Wednesday, December 1, 2010
One enormous consequence of the Wikileaks is that suddenly we don't know what's real and what's not. Many of these documents were originally intentional disinformation. "Leaking" them now endows them with certain credibility. Charlie Chan say, "To know forgery, one must have original." But where's the original?

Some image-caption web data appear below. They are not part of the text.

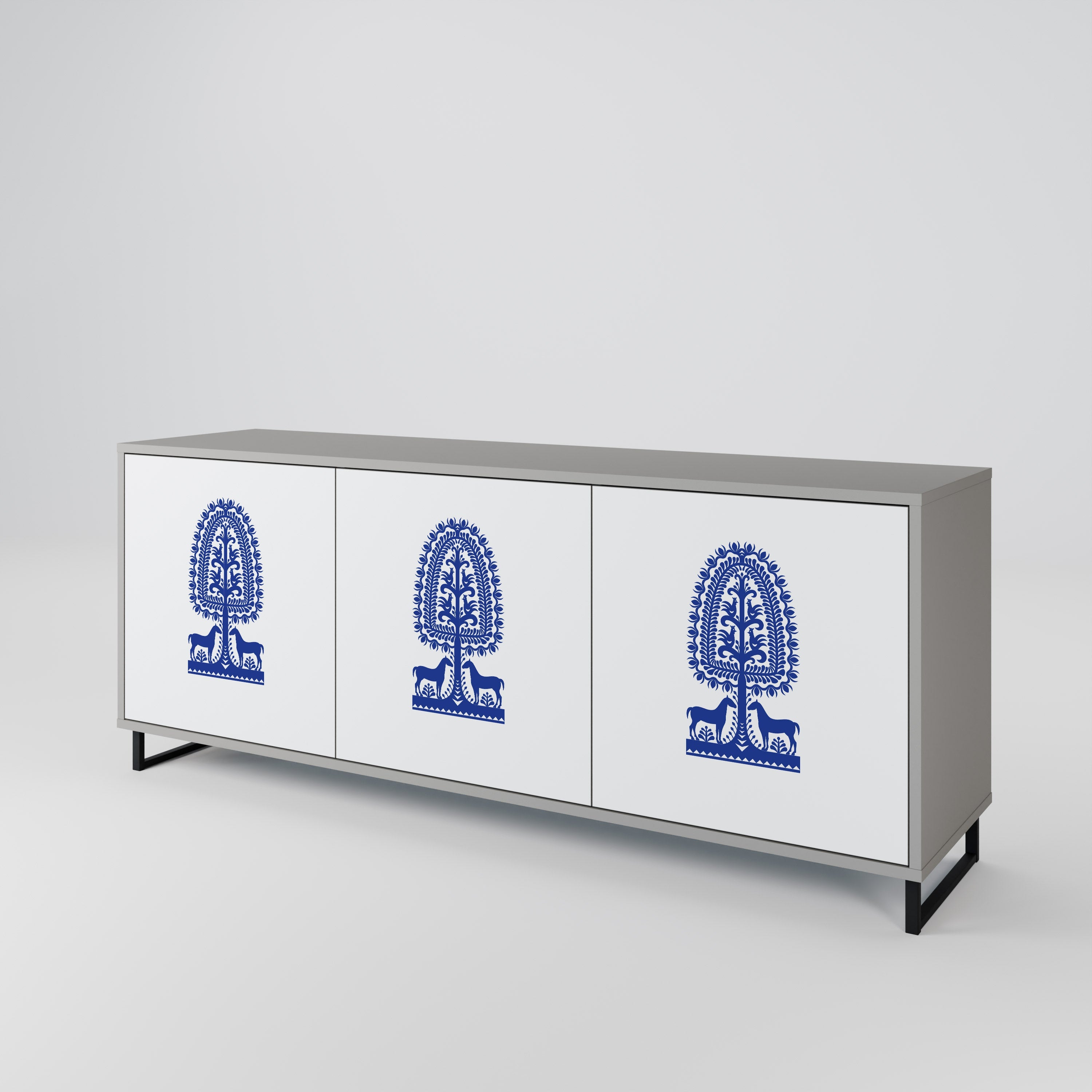 POLISH FOLK ART 3-Door Sideboard in Grey Finish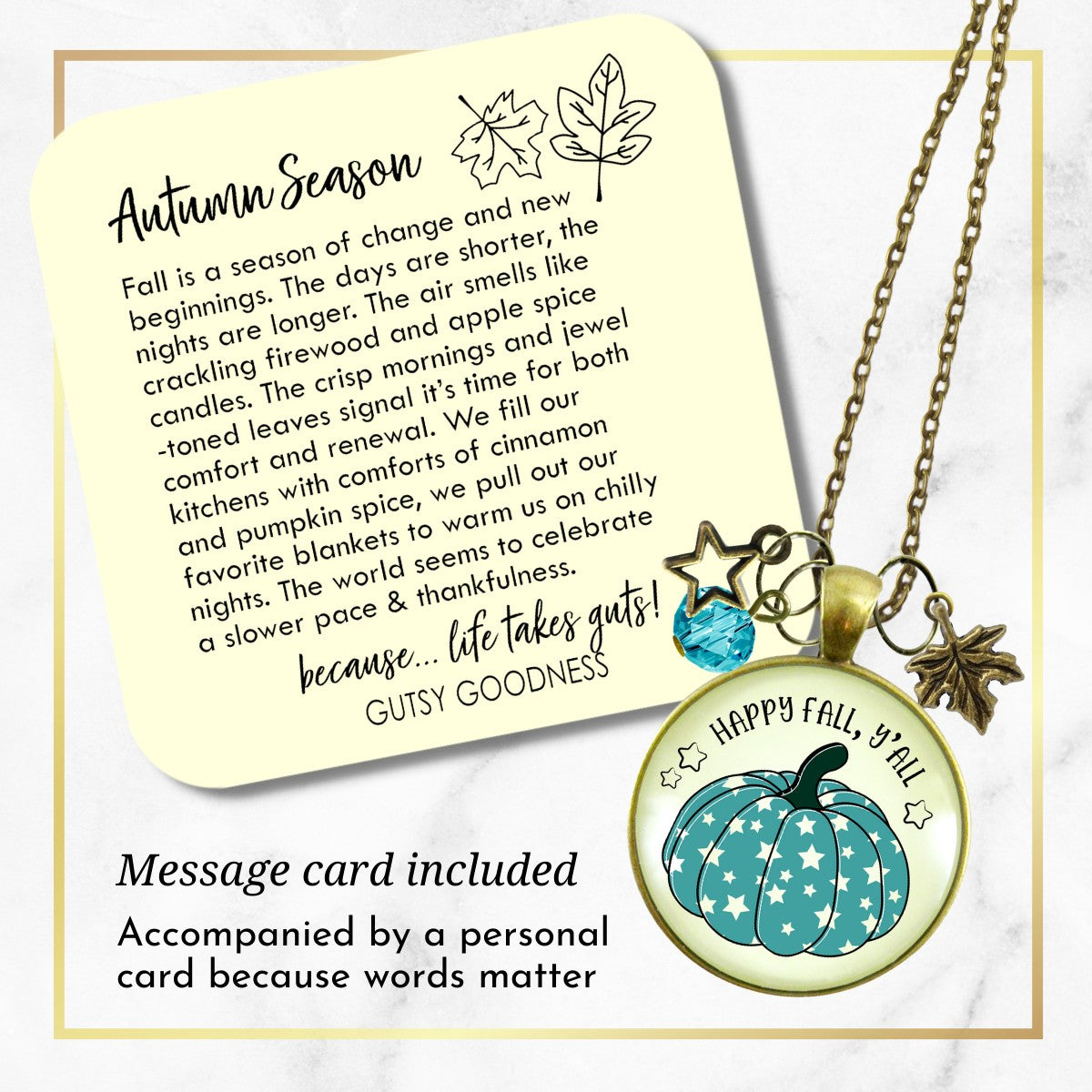 Happy Fall Y'All Necklace Teal Pumpkin Stars Autumn Fashion Costume Jewelry Message Card  Necklace - Gutsy Goodness Handmade Jewelry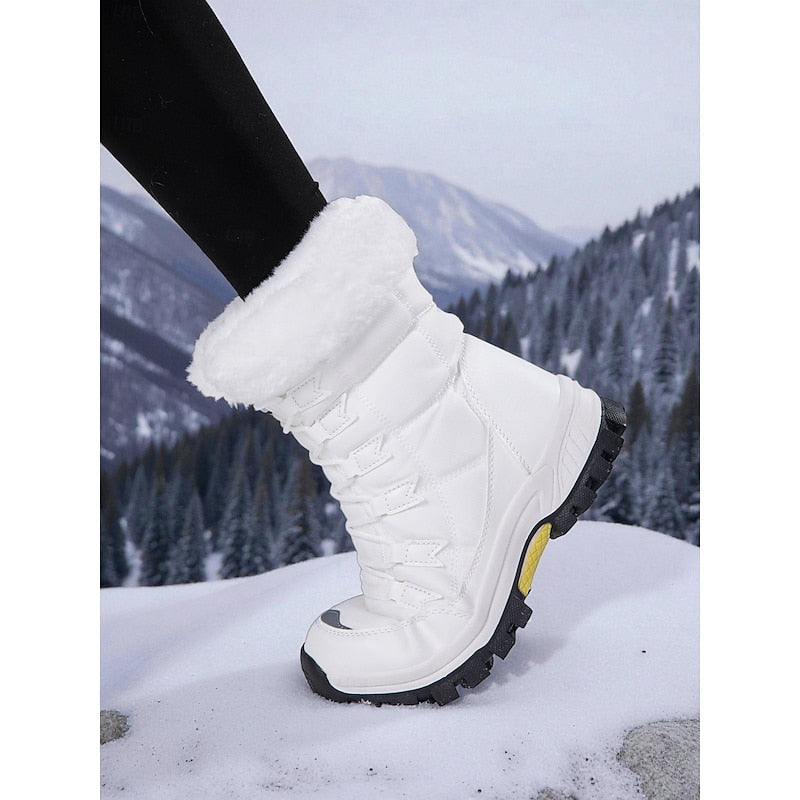 Damen Winterstiefel mit Schnürung und weichem Fellkragen - 3 - Trendlinie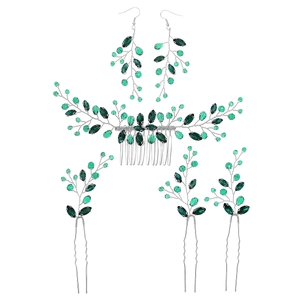 Parure de mariée avec cristaux vert émeraude incluant épingles, peigne et boucles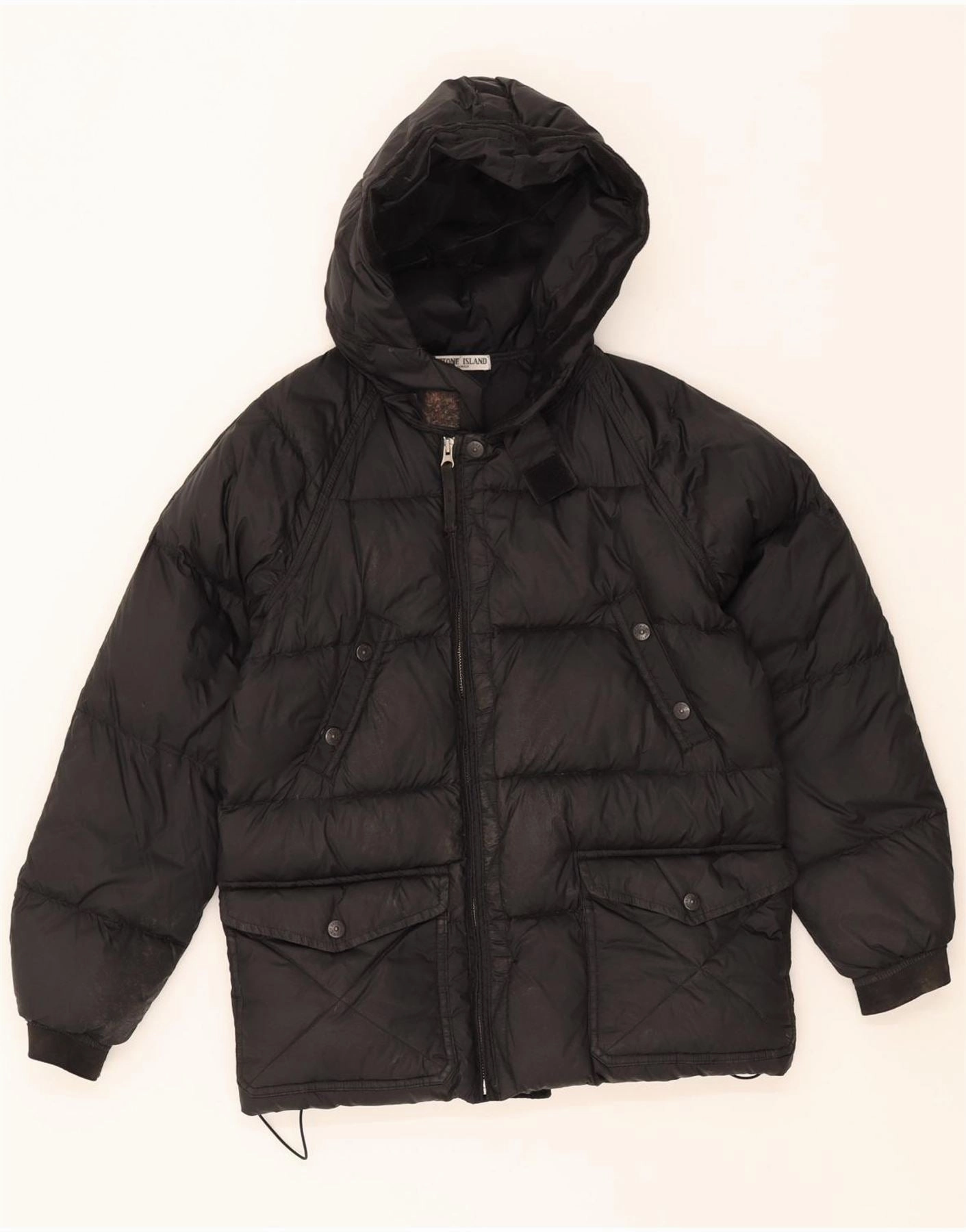 Cozy Jacket STONE ISLAND Boys Hooded Padded Jacket 11-12 Years Black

Wednesday, November 17, 2010
Tuesday, November 2, 2010
I feel conflicted over California's Prop 19, which would legalize marijuana. The state badly needs tax money, but the passage of the proposition would only provoke the federal govenrment to reinforce its own law, spelling trouble for my angel-eyed students. I would hate to miss those papers that are full of "visionary" ideas.
Friday, October 29, 2010
I'm waiting to see if China will win the bid on California's super-railway. Last time the Chinese built railroads here was in the 1860s, when the Chinese coolies and the Irish crew finished the Transcontinental Railroad in 1869. Many lives were lost. This time, China will build it with technology--no more coolie, only cool aid.
Tuesday, October 26, 2010
Alex Sink, the current Democratic candidate for governor in Florida, is the great-granddaughter of Chang and Eng Bunker, the Siamese Twins. Like the Twins, shrewd businessmen who knew how to take the country by storm, Sink has worked in the banking industry for years and has been the Chief Financial Officer for the state. I was impressed by her debating skills--she battled her opponent last night on CNN. Come Nov. 3, just imagine how the headlines in Florida newspapers would flash: "Alex Sinks Rick Scott" or vice verso.
Friday, October 22, 2010
I hate hearing wheeling-and-dealing, spineless politicians calling on each other to "man up" on this and that. Even worse, they use it only as a rhetorical gimmick during debates, to taunt, catcall, and disguise their own inability for a civil, candid, informed discussion ("That's in the First Amendment?!)--the cornerstone of a great democracy. Will the real Charlie Chan please man up?
Just read Deborah Fallows' smart and clear-as-water book, "Dreaming in Chinese." As a trained linguist, she chooses the topic of Chinese words and builds her book around it, weaving in her own experience of living in China. It's the kind of book I like, a hot plate of chop suey, seemingly simple, mixing up things, and mysterious as Charlie Chan's "Confucius say." It cracks me up, however, when she addresses the term 老百姓 (laobaixing, "ordinary people"). Fallows writes, "At the showcase military parade in honor of the 60th anniversary of the People's Republic, President Hu Jintao deliberately invoked the Party-speak of the Moaist era, bypassing laobaixing for the culturally laden period word tongzhi [comrade]." As good a linguist as she is, Fallows doesn't seem to understand how the term is used in Chinese. For Hu to say "Greetings, laobaixing" would be somewhat like saying "Hello, y'all yokels!"
Thursday, October 21, 2010
In the days after the announcement of the Nobel Prize for Peace, my email messages to friends and family in China bounced back like ping pong balls hitting against a concrete wall (that was, by the way, how I used to practice ping pong as a kid). Qin Emperor's Great Wall really pales before the Great Firewall of China today. Aiya!